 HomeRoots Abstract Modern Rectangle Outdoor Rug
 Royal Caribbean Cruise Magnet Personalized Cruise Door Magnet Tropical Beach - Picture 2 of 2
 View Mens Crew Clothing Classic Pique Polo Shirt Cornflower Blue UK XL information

Work instructions =
Print all the lines exactly as they occur in the listing.

Your response =
 HomeRoots Abstract Modern Rectangle Outdoor Rug
 Royal Caribbean Cruise Magnet Personalized Cruise Door Magnet Tropical Beach - Picture 2 of 2
 View Mens Crew Clothing Classic Pique Polo Shirt Cornflower Blue UK XL information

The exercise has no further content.